Still, you've got me thinking. I will look into it. Certainly Spanish to English translation wouldn't be a problem - it's the other way round I might struggle with a bit!

Newbarnsleygirl Sun 09-Jan-05 18:19:22

I've cat you lulupop. I've got loads of time tonight if you can get back in touch.

Newbarnsleygirl Sun 09-Jan-05 18:21:56

I don't know how quick this cat thing works though and how it does work?

Tinker Sun 09-Jan-05 18:24:28

lulupop - I could be wrong but I think most translation is into mother tongue, not usually the other way round. Especially with modern Euro languages where native speakers would be fairly easy to find anyway. What about home tuition? Coudl charge around £20 per hour.

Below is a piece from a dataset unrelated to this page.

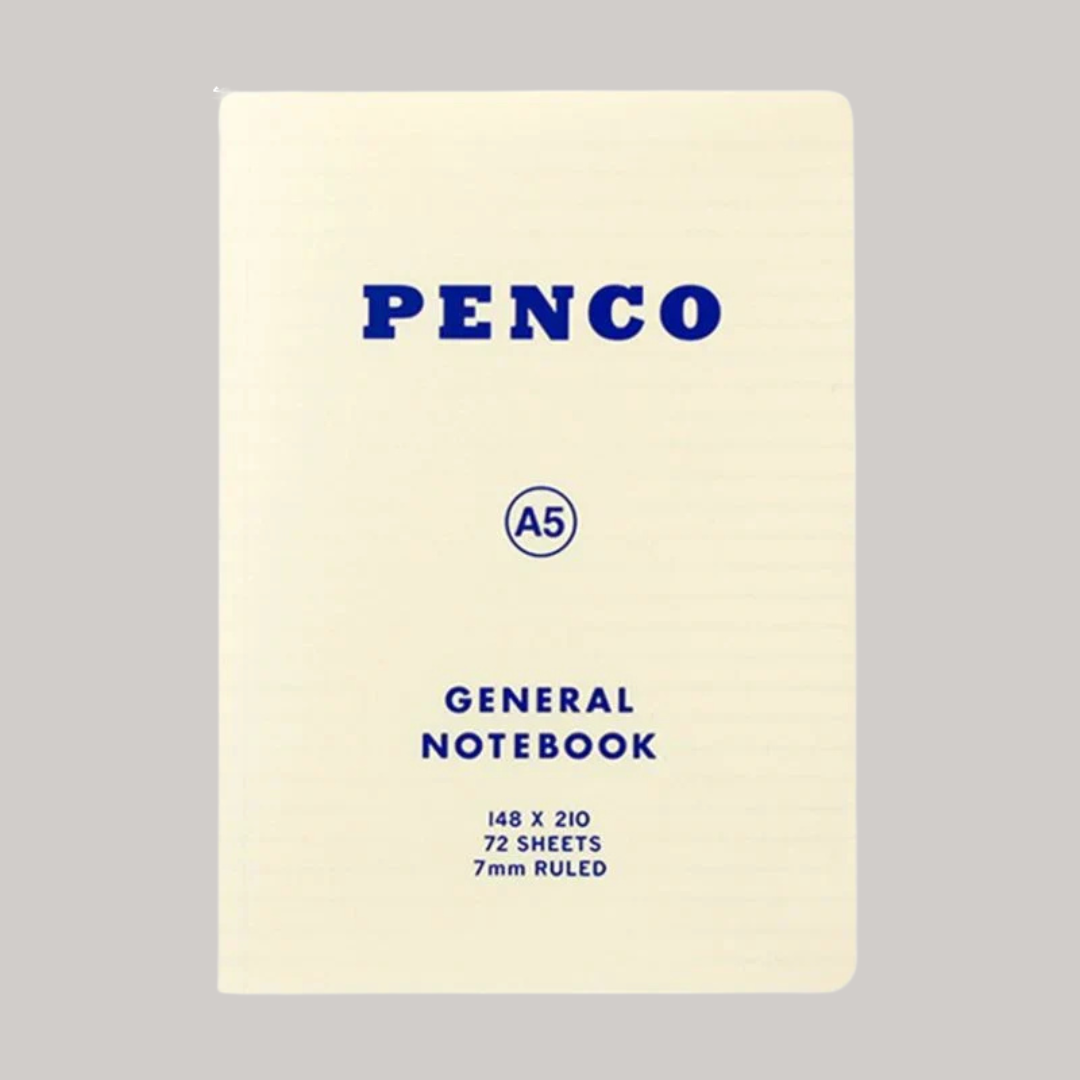 Penco Soft Notebook in A5 Ruled - White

lulupop Sun 09-Jan-05 18:34:49

nbg, when you cat someone, mn just forward on the msg, but think it may take some time as I haven't had yours yet. You can do it directly if you like, on

Newbarnsleygirl Sun 09-Jan-05 18:39:14

OK I'll do it now.

geekgrrl Sun 09-Jan-05 18:42:32

I'm a translator and it is fiendishly difficult to get well-paid work without years of experience and translation qualifications. You also need to have lived for several years in both countries really to be good enough to pass the trade exams agencies are looking for. Even successful translators often don't get enough freelance work to count as a full time salary and do other jobs for a regular income.

Having said all this, I agree that you should consider teaching. Maybe you could do a part-time PGCE, with modern foreign languages you get a golden hello of £6000 when you finish, and you get paid for training. Could you ask a secondary school for some work experience to get an idea? Maybe you are cut out for it, you never know.

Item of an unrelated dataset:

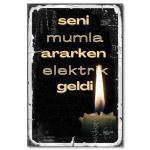 ahsap poster holz wandzitat seni mumla ararken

lulupop Sun 09-Jan-05 18:45:59

thanks geekgrrl, that;s pretty much what I'd thought. I was quite friendly with my tutor at university and I remember a) how good she was; and b) how well qualified, and despite being an eminent academic, she didn;t get that much translation work so that's why I'd thought it was a non-starter.

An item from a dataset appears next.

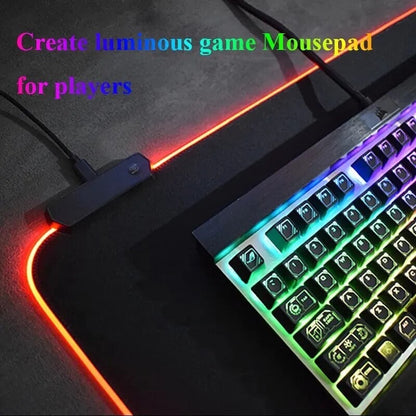 RGB Anti Skid Lighting Keyboard & Mouse Pad LARGE USB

Just don't fancy the teaching, I have to say. I know beggars can't be choosers, but I think there must be a lot of jobs out there that I haven't thought of yet, but could do, that I'd be much better cut out for.

Newbarnsleygirl Sun 09-Jan-05 19:18:13

I've had to send my number to you lulupop as my mail keeps logging itself off for some reason and it loses the info I've put in so if you want to ring me now I can fill you in. It's ok if you don't want to.

geekgrrl Sun 09-Jan-05 19:18:44

well, Prospects offer a careers guidance service. And, depending on what you want out of a job, have you considered cleaning or ironing? Ironing you could do at home and it seems to pay very well - around here they charge £10 for a basket, which would take me an hour. And it would fit in very well with the kids. Not much career progression though!

lulupop Sun 09-Jan-05 19:24:39

you're right geekgrrl. no career progression but actually, I had considered cleaning etc as an option.
at the moment we have a very nice cleaner/ironer ourselves, but I am perfectly capable and if the turns out nasty then at least it's something I can do when it suits me.
I started this thread thinking more along the lines of something whihc might turn into a career though.
nbg, just putting kids to bed now and also dh is around, but perhaps I cld talk to you another day?

Newbarnsleygirl Sun 09-Jan-05 19:39:52

Give me a ring in the morning if you can and I'll tell you all about it and give you the phone number for the company. I could post it on this thread but it could be a bit dodgy!